Bitcoin Mining Difficulty Hits Record High
The mining difficulty of the world’s largest cryptocurrency, Bitcoin has reached a lifetime high of 29.79 trillion.
Bitcoin has withstood an onslaught of sellers as it calmly rose to $39k despite a choppy broader market. Despite the volatility, its adoption continues and its mining difficulty has never been higher. Zooming out, mining difficulty has risen by approximately 30% since a year ago when the figures were around 23.58 trillion.
Mining Bitcoin Has Never Been More Difficult
According to the data compiled by BTC.com, the Bitcoin mining difficulty has hit a record high after rising by over 5% on April 27. Since the beginning of 2022, the metric has increased by nearly 23% as it underwent three positive readjustments and two negative ones. The next difficulty readjustment is slated for May 10.
Bitcoin’s network hash rate, on the other hand, fluctuated significantly closely following its price action. It even notched an all-time high of over 258 EH/s on the same day before settling near 222.68 EH/s.
Data from BTC.com further revealed that Foundry USA lead the chart contributing the most hash power – 17.05%. It was followed by AntPool with 14.28%, F2Pool with 13.86%, Poolin with 12.58%, ViaBTC with 11.73%, Binance with 11.30%, etc.
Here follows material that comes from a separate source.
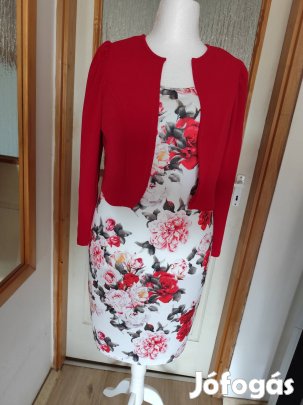 Új, molett alkalmi női ruha+bolero, 54-es, piros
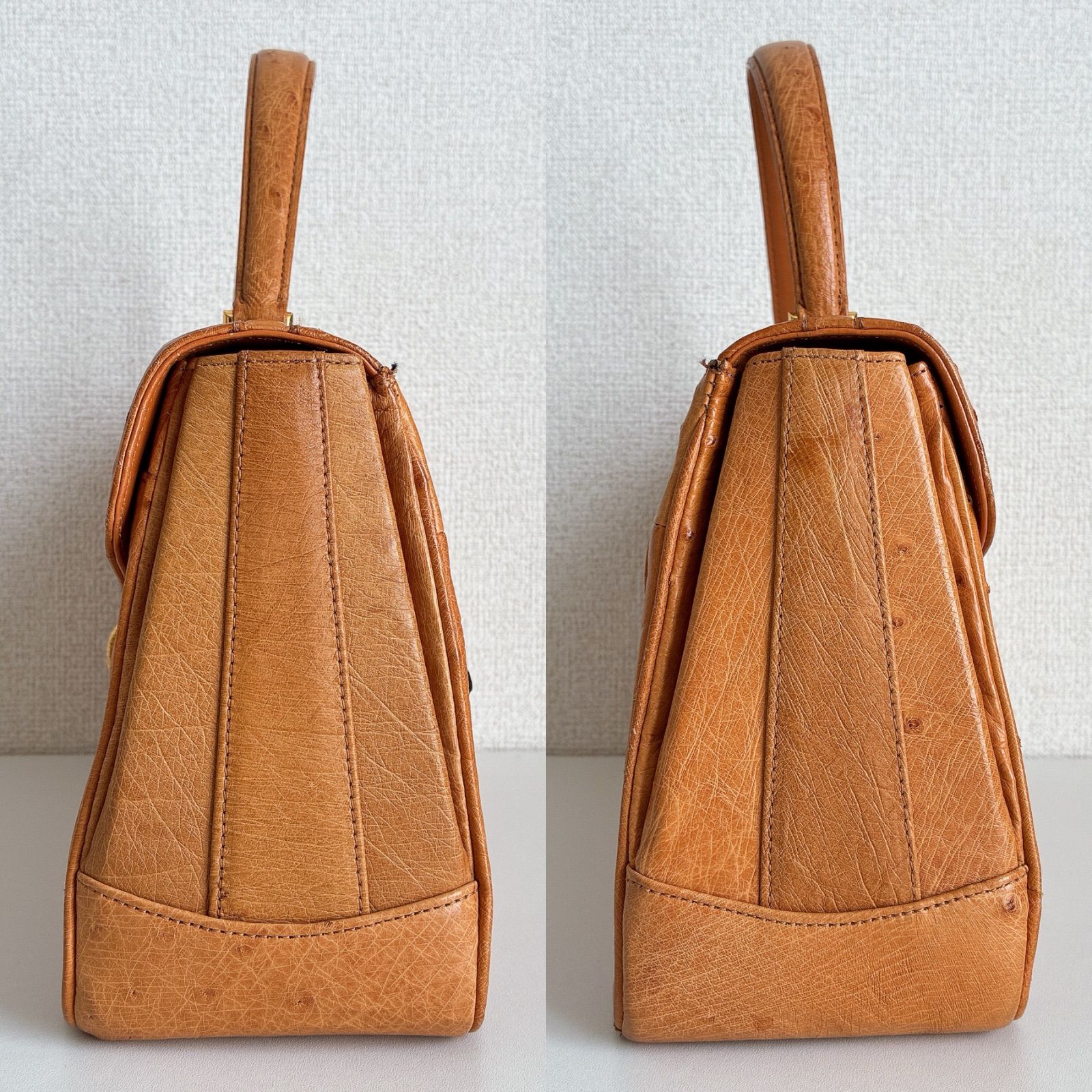 JRA認定】 オーストリッチ型押し キャメル 2way ハンドバッグ 312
Embracing the Bitcoin Standard
Blockchain analysis platform, Glassnode, recently noted that bitcoins are being accumulated and both retail and professional investors are taking portions of the asset from exchanges and are willing to hold on to current prices on private and cold wallets.
This development comes even as the crypto market has continued to struggle in gaining any meaningful momentum in recent months. Besides, wallets with more than 1K BTC have also demonstrated an aggressive upwards move which could potentially signal big players beginning to re-accumulate again.
While some countries are still hung on to high taxation instead of bringing about regulatory clarity, a few others have taken a bold step towards addressing the latter. Over the past decade, several economically-challenged nations switched over to the US dollar. But excessive money printing is driving people away from these fiat currencies.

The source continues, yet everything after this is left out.